Data listing
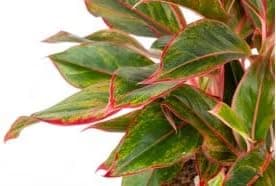 Garden Art Aglaonema Lipstick Red Multistem | Bushy Air Purifying Natural Healthy Live Indoor Evergreen Plant With Grower's Pot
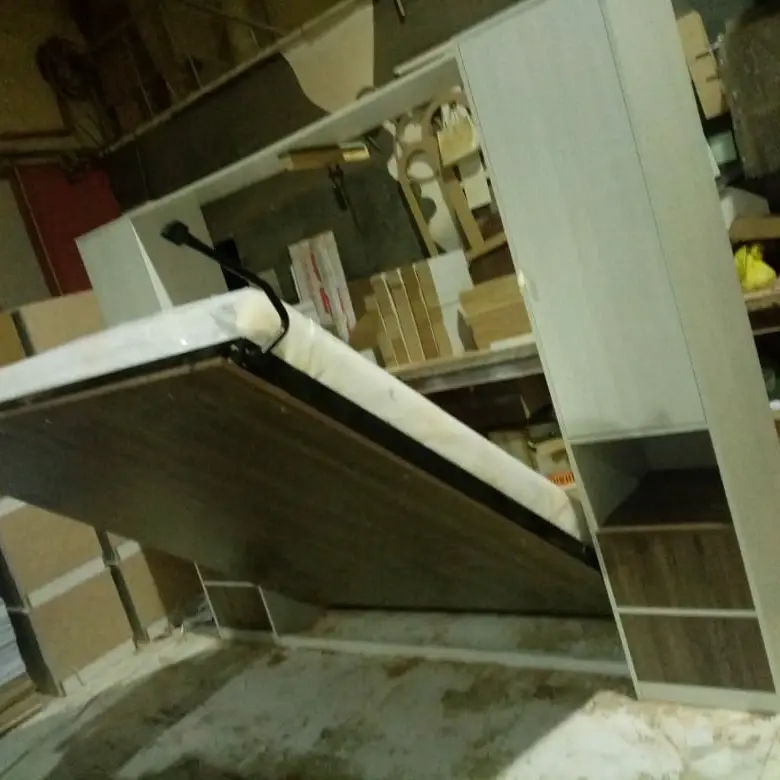 CASA-ELAN Murphy bed installation showing wall bed mechanism and custom cabinetry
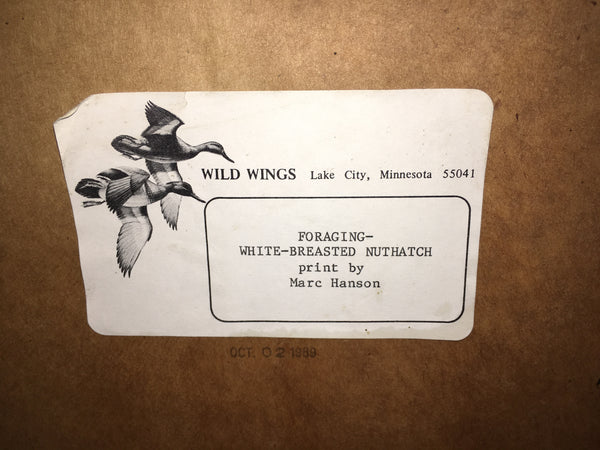 Foraging-White-Breasted Nuthatch Print by Marc Hanson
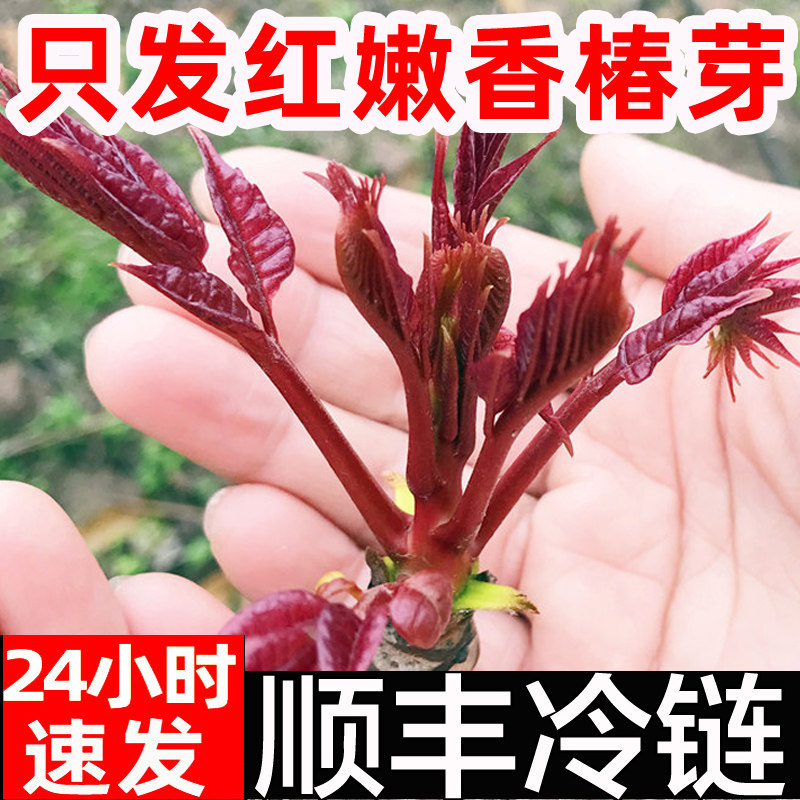现货秒发香椿芽新鲜香春芽菜顺丰2026头茬四川红油香椿头春芽叶苗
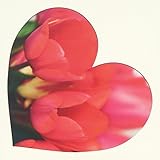 TAKAMI BRIDAL presents LOVE POP �`KISS OF LIFE�`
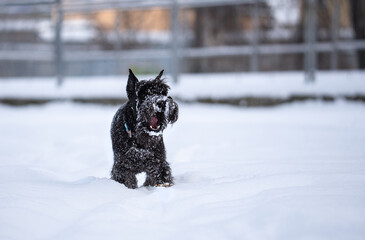 black dog runs through the snow in the park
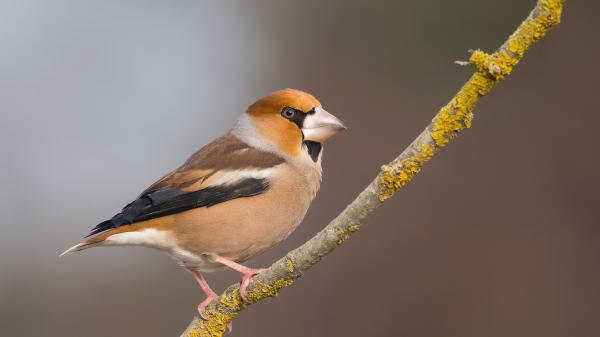 Free grosbeak is on small branch hd birds wallpaper download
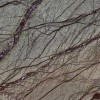 forest-green-poler-30,5x61x1cm
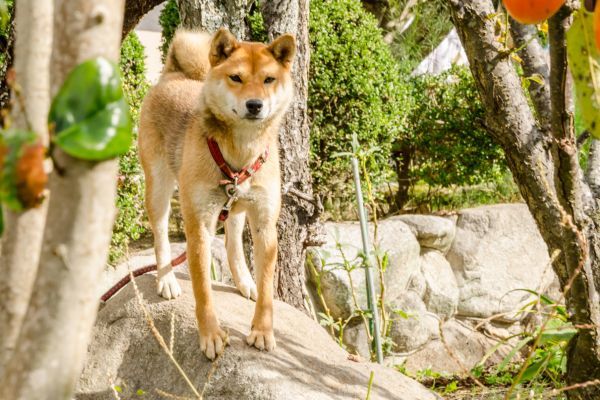 Akita inu walking along a tree trunk in the garden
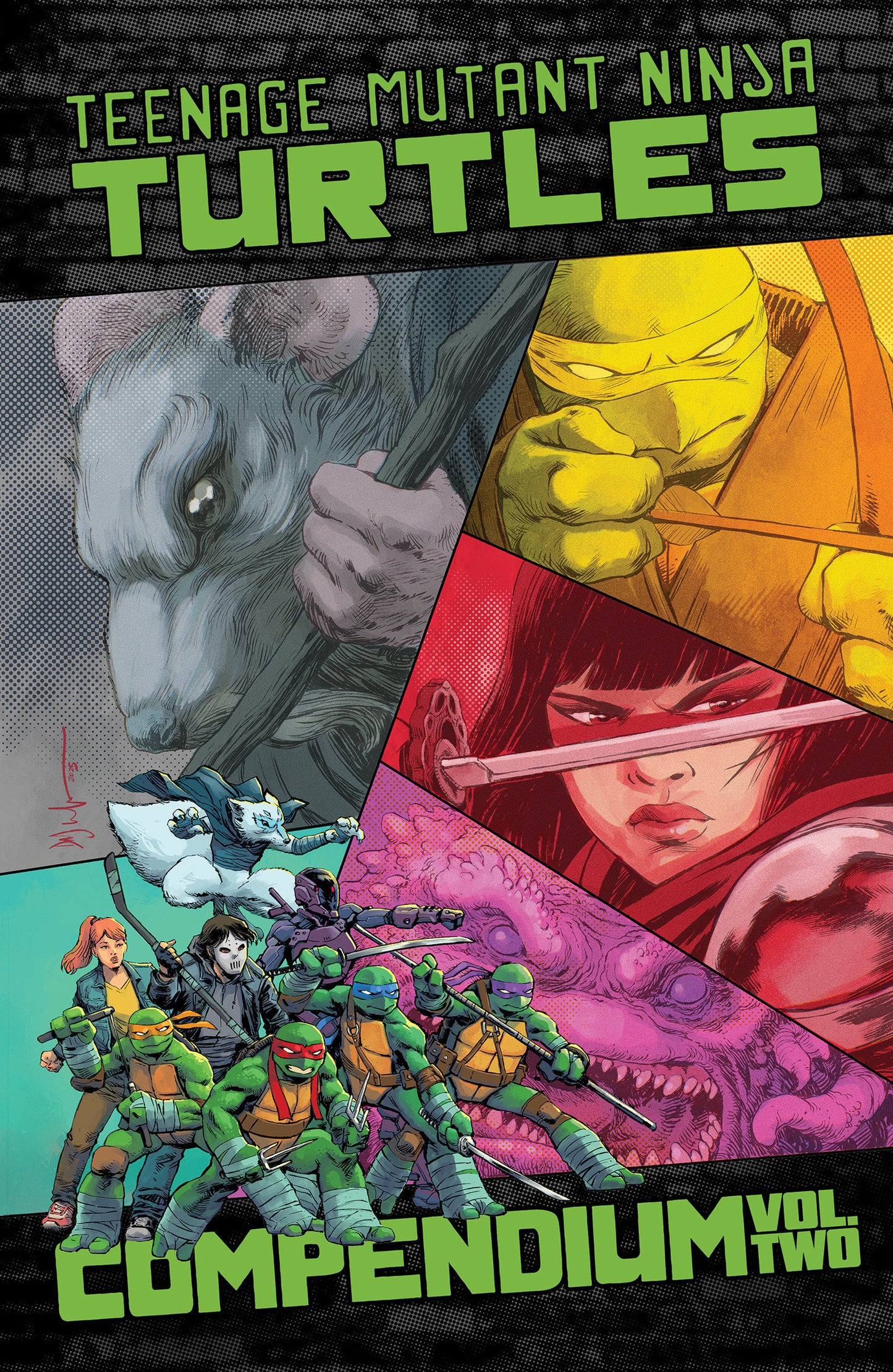 Teenage Mutant Ninja Turtles: Ongoing Compendium, Vol. 2 (Order By 06/08/26) (Estimated In Store By 07/14/26) (THIS ITEM IS A PRE-ORDER AND YOU WILL NOT RECEIVE IT UNTIL AFTER THE IN STORE DATE)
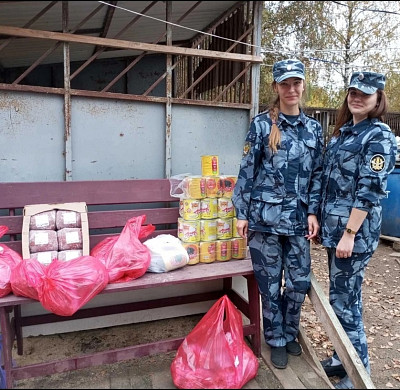 Ивановские сотрудники УФСИН помогли приюту для животных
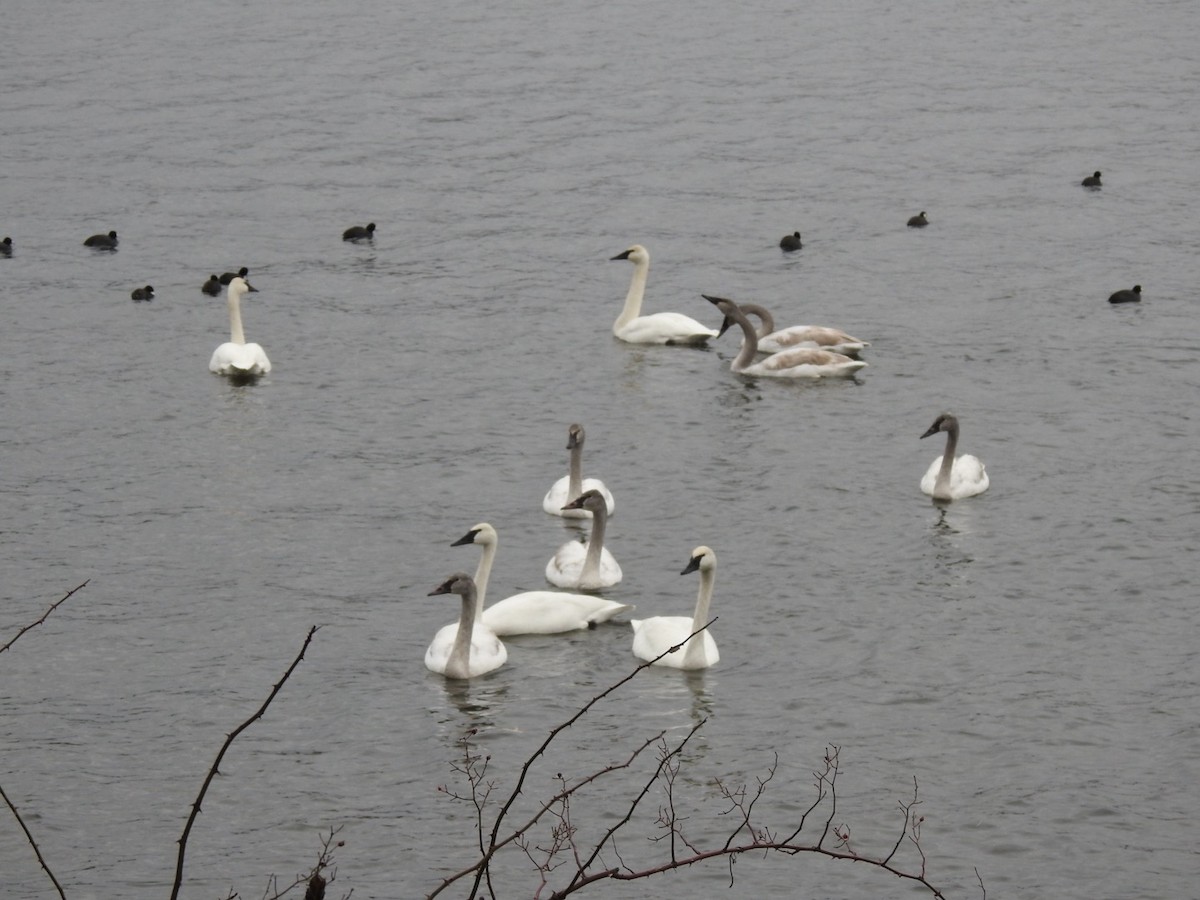 Cygne trompette - ML628561107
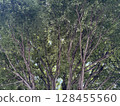 Big tree seen from below 128455560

Work instructions
Exclude every image and return the material above exactly.

Answer for this exercise
 Garden Art Aglaonema Lipstick Red Multistem | Bushy Air Purifying Natural Healthy Live Indoor Evergreen Plant With Grower's Pot
 CASA-ELAN Murphy bed installation showing wall bed mechanism and custom cabinetry
 Foraging-White-Breasted Nuthatch Print by Marc Hanson
现货秒发香椿芽新鲜香春芽菜顺丰2026头茬四川红油香椿头春芽叶苗
 TAKAMI BRIDAL presents LOVE POP �`KISS OF LIFE�`
 black dog runs through the snow in the park
 Free grosbeak is on small branch hd birds wallpaper download
 forest-green-poler-30,5x61x1cm
 Akita inu walking along a tree trunk in the garden
 Teenage Mutant Ninja Turtles: Ongoing Compendium, Vol. 2 (Order By 06/08/26) (Estimated In Store By 07/14/26) (THIS ITEM IS A PRE-ORDER AND YOU WILL NOT RECEIVE IT UNTIL AFTER THE IN STORE DATE)
 Ивановские сотрудники УФСИН помогли приюту для животных
 Cygne trompette - ML628561107
 Big tree seen from below 128455560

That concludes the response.